Every time it rains on Farmer John's fields, a pond forms over Bessie's favorite clover patch. This means that the clover is covered by water for awhile and takes quite a long time to regrow. Thus, Farmer John has built a set of drainage ditches so that Bessie's clover patch is never covered in water. Instead, the water is drained to a nearby stream. Being an ace engineer, Farmer John has also installed regulators at the beginning of each ditch, so he can control at what rate water flows into that ditch.
Farmer John knows not only how many gallons of water each ditch can transport per minute but also the exact layout of the ditches, which feed out of the pond and into each other and stream in a potentially complex network.
Given all this information, determine the maximum rate at which water can be transported out of the pond and into the stream. For any given ditch, water flows in only one direction, but there might be a way that water can flow in a circle.

Input

The input includes several cases. For each case, the first line contains two space-separated integers, N (0 <= N <= 200) and M (2 <= M <= 200). N is the number of ditches that Farmer John has dug. M is the number of intersections points for those ditches. Intersection 1 is the pond. Intersection point M is the stream. Each of the following N lines contains three integers, Si, Ei, and Ci. Si and Ei (1 <= Si, Ei <= M) designate the intersections between which this ditch flows. Water will flow through this ditch from Si to Ei. Ci (0 <= Ci <= 10,000,000) is the maximum rate at which water will flow through the ditch.

Output

For each case, output a single integer, the maximum rate at which water may emptied from the pond.

Sample Input

Sample Output

SOURCE:点击打开链接

题意：

赤裸裸的网络流题目。

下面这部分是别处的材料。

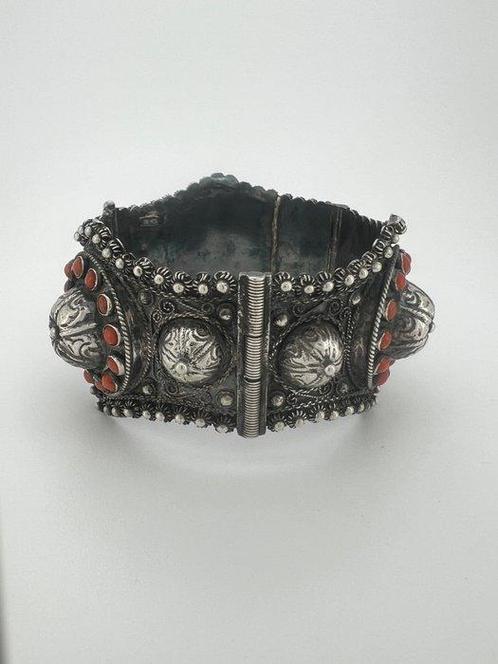 Armband - Koraal, Zilver - Noord-Afrika - Begin 20e eeuw, Antiek en Kunst, Kunst | Niet-Westerse kunst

给定点数，边数，每条边的容量，以及源点，汇点，求最大流。

解析：

通过Ford-Fulkerson算法或者是Dinic算法，通过dfs搜索最小流进行增广路。

Ford-Fulkerson算法：

#include <iostream>
#include <cstring>
#include <algorithm>
#define MAX 205
#define INF 0x7fffffff
using namespace std;

int n,m;
int c[MAX][MAX];
bool pass[MAX];
int dfs(int s,int t,int low);//s为源点，t为汇点，low为当前流
int dfs_max_flow(int s,int t);

int main(void)
{
    int a,b,d;
    while (cin>>n>>m)
    {
        memset(c,0,sizeof(c));
        for (int i=1; i<=n; ++i)
        {
            cin>>a>>b>>d;
            c[a][b]+=d;
        }
        cout<<dfs_max_flow(1,m)<<endl;
    }
    return 0;
}

int dfs(int s,int t,int low)
{
    if (s==t)
        return low;
    pass[s]=1;
    for (int i=1; i<=m; ++i)
    {
        if (!pass[i]&&c[s][i])
        {
            int flow=dfs(i,t,min(low,c[s][i]));
            if(flow>0)  //增广该路径
            {
                c[s][i]-=flow;
                c[i][s]+=flow;
                return flow;
            }
        }
    }
    return 0;
}

int dfs_max_flow(int s,int t)
{
    memset(pass,0,sizeof(pass));
    int maxflow=0,flow;
    while (flow=dfs(s,t,INF)) //不断地增广路径进行搜索，直到无法继续增加才结束
    {
        memset(pass,0,sizeof(pass));
        maxflow+=flow;
    }
    return maxflow;
}

Dinic算法：

#include<iostream>
#include<cstring>
#include<queue>
#define maxn 205
#define INF 0x7fffffff
using namespace std;

int n, m;
int c[maxn][maxn];
int dis[maxn];//dis[i]表示到原点s的层数

bool bfs();
int  dfs(const int x,const int low);

int main(void)
{
    int s,t,d;
    while(cin>>n>>m)
    {
        memset(c,0,sizeof(c));
        for(int i = 0  ; i < m; i++)
        {
            cin>>s>>t>>d;
            c[s][t] += d;
        }
        int ans = 0;
        int res;
        while(bfs())
            while(res = dfs(1,INF))
                ans+= res;
        cout<<ans<<endl;
    }
    return 0;
}

bool bfs()// 重新建图按层数建图
{
    memset(dis,-1,sizeof(dis));
    int k;
    dis[1] = 0;
    queue<int> que;
    que.push(1);
    while(que.size())
    {
        k = que.front();
        que.pop() ;
        for( int i = 1; i<= m; i++)
            if(c[k][i] > 0 && dis[i] < 0 )// 如果 可以  可以到达 但 还没有 访问
            {
                dis[i] = dis[k]+ 1;
                que.push(i);
            }
    }
    if(dis[n] > 0)
        return true;
    else
        return false;
}

int  dfs(const int x,const int low)// 查找路径上的最小的流量
{
    int flow;
    if(x == n)
        return low;
    for(int i = 1; i<= n; i++)
        if(c[x][i] > 0 && dis[i] == dis[x] + 1)
        {
            flow=dfs(i,min(low,c[x][i]));
            if(flow>0)
            {
                c[x][i] -= flow;
                c[i][x] += flow;
                return flow;
            }
        }
    return 0;
}